In Book Two, ten years later, Natsuko—single, childless, now economically secure, and pushing forty—begins to consider having a child. There are two problems with this impulse: Natsuko finds sexual intercourse worse than distasteful. She tried it in her late teens, early twenties with a boyfriend, so coitus is out. Also Japanese society discourages single women from having artificial insemination. It exists, but it's for married couples who cannot have a child.
Natsuko is 29 in Book One; Makiko is 39; and Midoriko is 12 (and communicates with her mother and aunt only in writing; she'll talk to her friends but not to her mother). The girls grew up in Osaka in a cramped and gloomy apartment over an izakaya. One day when Natsuko came home from elementary school, her layabout father was gone and they never saw him again. They moved in with grandmother and mother worked a couple jobs and in a bar. Mom died when Natsuko, was 13 and two years later grandmother died. At the beginning of Breasts and Eggs Natsuko has been living in Tokyo, working in a bookstore to support herself with ambitions of being a writer. Makiko is a single mother working as a bar hostess having made an unfortunate and short-lived marriage.
The novel is worth reading for several reasons. Kawakami is able to covey Natsuko's daily life, family history and relationships, her friendships, and the—I guess—texture of her lived experience. We know who she is, what she wants, why she wants it. And we can understand why her sister could want improved breasts. The book also conveys a sharp picture of a contemporary Japanese life. This is what it is like to live as this aspiring woman in Japan today. Is Natsuko typical? Probably not. Is she representative? Probably not. Is she Japanese? Absolutely.
In Book One Kawakami does allow the reader access to information Natsuko doesn't have. These are the entries from her 12-year-old niece's journal, thoughts like: "It feels like I'm trapped inside my body. It decides when I get hungry, and when I'll get my period. From birth to death, you have to keep eating and making money just to stay alive. I see what working every night does to my mom. It takes it out of her. But what's it all for. Life is hard enough with just one body. Why would anyone want to make another one? . . ."
The book is more than the sisters' dilemmas about their breasts and eggs. At one point, Natsuko and a writer friend talk about dialect in fiction. The friend says that in Osaka she heard "these three women just talking, a million miles an hour, getting everything in there. There was so much going on.

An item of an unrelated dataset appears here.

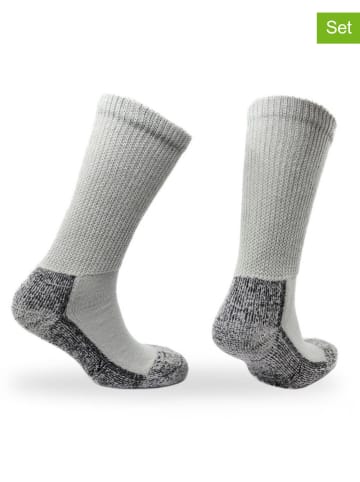Norfolk 3er-Set: Funktionssocken in Grau/ Schwarz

Multiple perspectives, mixed tenses, the whole shebang. They were cracking up, but they were having a real conversation. Nothing like on TV. Everything on TV is tailored for TV . . . What gets me is how writing always fails to capture it. Like, the way those three women were talking. I mean, you couldn't reproduce that performance on the page and get the same dynamic . . ."
Sam Bett, a prize-winning translator, and David Boyd, an assistant professor Japanese at the University of North Carolina, translated Breasts and Eggs. The translation is, as I hope my two short quotes indicate, smooth and resourceful ("shebang"!). They did not translate every Japanese term—izakaya, mugicha, okonomiyaki, tanto—which means they did not have to slow a sentence down by explaining, and the context provides the approximate meaning for readers who have no Japanese at all.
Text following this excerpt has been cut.